Let me know if help is needed in anyway.


----------



## rocklobster (Oct 1, 2007)

Don't know about the currents. dk was breaking up pretty bad (cell phone coming into the pass)and upset. He's never had to search and recover before. Kind of shook him up. I'll get him to give you what details he has when he gets in and has an adult beverage to calm his nerves. Amen to the recovery diver safety. Green's Hole is pretty deep, not much bottom time. I just hope they find him.


----------



## HateCheese (Oct 2, 2007)

Prayers sent to the diver, friends, and family. Hopefully found before things get stirred up.


----------



## Stressless (Oct 2, 2007)

http://www.spearboard.com/showthread.php?t=69246



I hope it turns out better then the FL East Coast Diver they just recovered. Lost one yesterday off the East coast. An experienced Spearo.



:crying

Stressless


----------



## FelixH (Sep 28, 2007)

> *Telum Piscis (8/30/2008)*Keep us updated. Conditions for a search and rescue are going to get worse as this storm gets into the gulf. I pray that the diver is found. This is the worse news us divers worry about. Hopefully, the diver is floating out there just waiting to be found safe and sound.
> 
> Michele,
> 
> Let me know if help is needed in anyway.

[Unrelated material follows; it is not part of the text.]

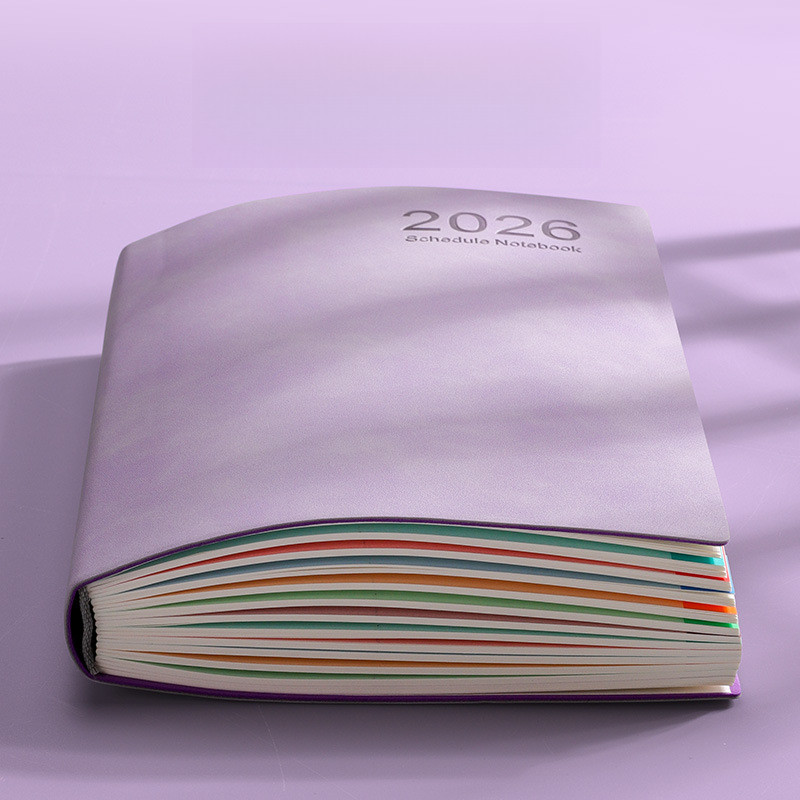 2026 Planner 365 วันตารางรายวันปฏิทินโน้ตบุ๊คที่จะทํารายการสําหรับการตั้งค่าเป้าหมายทางผลิตภัณฑ์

Yeah Jon, that's what I was getting at... hopefully he/she just got swept away, and is on the surface somewhere in good health.


----------



## Tuna Man (Oct 2, 2007)




----------



## parrothead (Oct 1, 2007)

Thats scary !!!!!!!!! Prayers sent:angel:angel:angel:angel:angel

Scott


----------



## rocklobster (Oct 1, 2007)

Update. Crash and Brandy are out again. Their 4th dive at 100'+. dk left the victim's boat with a handheld VHS - they couldn't reach the CG with the radio they had - he had to get his clients in. They were on about a 17' center console. Both Brandy and Crash have been advised not to make another dive - 4 @ 100'+ is overdoing it. Let's hope they stay safe. The current was "ripping" according to Crash. He blew one tank just getting to the bottom. viz is about 10-15'. Not a good scenario at all.Please keep these folks in your thoughts and prayers. It's not a good time at all.


----------



## Quicdraw (Oct 3, 2007)

they were saying on the radio that he was neutral bouyant and ran out on the bottom


----------



## spearfisher (Oct 3, 2007)

Let's pray for his family, friends, and fellow divers. As respectful as the PFF family is I know that I don't need to say this, but let's make sure we keep the speculation to a minimum. Right now what this man needs is prayers from us all. God be with him and his family. That is all that matters right now.


----------



## Big Mac (Oct 2, 2007)

Prayers sent:angel


----------



## Linda (Oct 2, 2007)

Man, hate to hear this. Hope they find him soon and he is ok.


----------



## Redfish (Nov 9, 2007)

Hate to hear such bad news, My Prayers are with their family & Friends:angel:angel


----------



## Beefisher (Oct 7, 2007)

Prayers to the family & Friends


----------



## Corpsman (Oct 3, 2007)

:angel


----------



## Clay-Doh (Oct 2, 2007)

Brandy and I just got in. 

Brandy was on my boat, he left Crasshs boat earlier today and hopped on board with us out in the Gulf.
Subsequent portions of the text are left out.